Conference: ICLR 2026 arXiv: 2602.08745 Code: GitHub Area: Graph Learning Keywords: GNN expressiveness, Boolean satisfiability, Weisfeiler-Leman test, SAT solving, theoretical analysis

TL;DR

This paper rigorously proves, from the perspective of the Weisfeiler-Leman (WL) test, that the complete WL hierarchy cannot distinguish satisfiable from unsatisfiable 3-SAT instances, revealing the theoretical expressiveness limits of GNNs for SAT solving. It also identifies positive instance families—such as planar SAT and random SAT—where GNNs can successfully distinguish satisfiability.

Background & Motivation

Boolean satisfiability (SAT) is a classic NP-complete problem. In recent years, GNNs have become the dominant architecture for learning-based SAT solvers (e.g., NeuroSAT, QuerySAT), since CNF formulas are naturally represented as literal-clause bipartite graphs (LCG). However, GNN expressiveness is bounded by the WL test—graphs that are WL-equivalent must receive identical outputs.

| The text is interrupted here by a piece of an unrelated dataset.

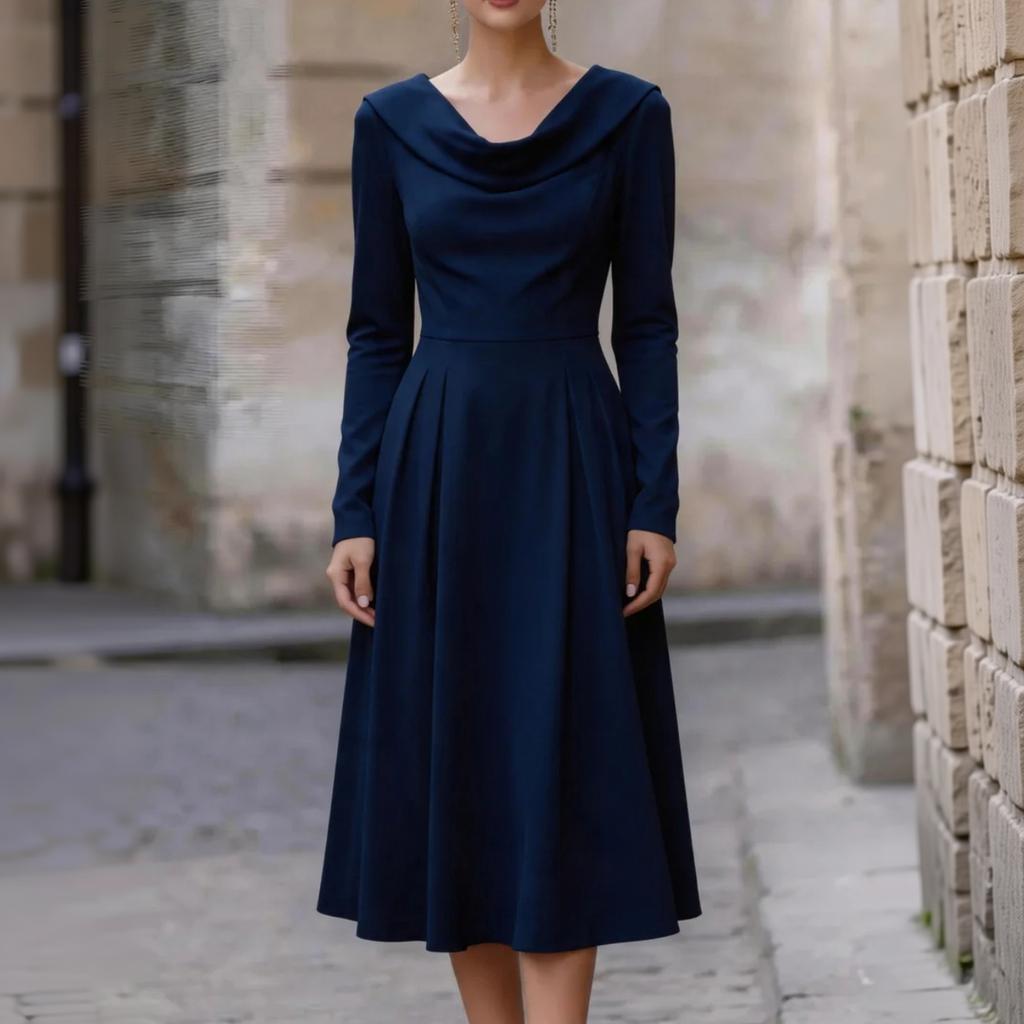 Damen Satin Langarm Midi Kleid mit Wasserfall-Ausschnitt und tailliertem Bund für Abendparty Formelle Anlässe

Core Problem: Do GNNs possess sufficient expressive power to reason about satisfiability?

Prior work lacks a systematic analysis of GNN expressiveness on SAT tasks. Although one might intuit that "SAT is NP-hard, therefore GNNs must be insufficient," expressive power and computational complexity are orthogonal concepts—for instance, planar SAT is also NP-complete, yet 4-WL can identify all planar graphs.

Method

Overall Architecture

This is a theory-driven work. The core contributions are a series of theorems and constructions concerning the distinguishability of SAT formulas by the WL hierarchy, supplemented by experimental validation. The research pipeline proceeds as follows:

  1. Define a graph representation for SAT formulas (LCN: Literal-Clause graph with Negation connections)
  2. Construct families of WL-indistinguishable SAT instances
  3. Analyze the distinguishability of special SAT families (regular, planar, random)
  4. Validate WL expressiveness on random and competition instances

Key Designs

Graph Representation: LCN (Literal-Clause Graph with Negation Connections)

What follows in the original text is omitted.